Но даже Пахрицина, которая сама была в полной форме, посматривала на меня, одетого, подтянутого, немного удивленно. А у меня и дыхание перехватило от взгляда на просторы озера. Какая красота! Не то что свинцовый Кольский залив да всегда хмурая Кандалакшская губа. Озеро искрилось, в нескольких местах странно рябило, хотя дуновение ветра ни разу не долетело до баржи. Однако тут же поднял глаза к небу, в зенит. Три года мы смотрим только в небо. Небо рождает самые сильные переживания. Мы разучились любоваться голубизной. Больше нравились низкие тяжелые тучи. Нет, не совсем так. Бывало, хотелось ясного неба. Когда я командовал еще орудийным расчетом, в нелетную погоду нас нагружали теорией, политикой и строевой, а это — скучно. Тогда и командиры, и бойцы молодые, даже девушки, мечтали о погоде, разве что осторожные «деды» не ждали холодного полярного солнца.

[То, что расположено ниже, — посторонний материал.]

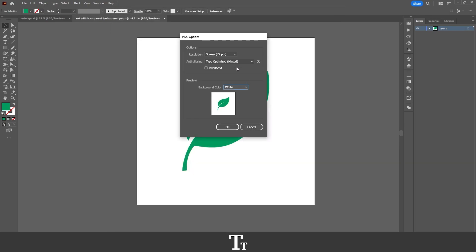This PNG options panel will now show up. In here we have some different options we can choose from. The first thing we have is the resolution.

Странно: духота — и такое прозрачное небо. Никакой дымки. Ни одной тучки… Идеальная летная погода. И в сердце неожиданно ударила тревога. Нет, больше — страх. За кого? Не за себя. Не за нашу неподвижную баржу. За ту, что поплыла к Петрозаводску. За Колбенко, за Кузаева… Да будь ты честен сам с собой! За Лиду. Да, в первую очередь за нее, как там, в Медвежьегорске, в доме, что мог быть заминирован. Прозорливый Колбенко! Как он угадал мои чувства! А зачем мне такой страх? Зачем?.. Тут же всплыло: мне часто снилось небо, усыпанное зловеще черными букетами разрывов. Да не потому содрогнулся. Вспомнил: еще в Кандалакше Лида спросила: «Почему разрывы наших снарядов стали такие черные?» Я ответил тогда: «Более дымный порох». При ближайшем налете всмотрелся. Разрывы как разрывы. Как всегда. Скорее белые, а не черные. Не может порох быть нестандартным, это равносильно диверсии, поскольку нарушало бы дистанционность разрывов.
Почему же букеты в зените показались ей вдруг черными?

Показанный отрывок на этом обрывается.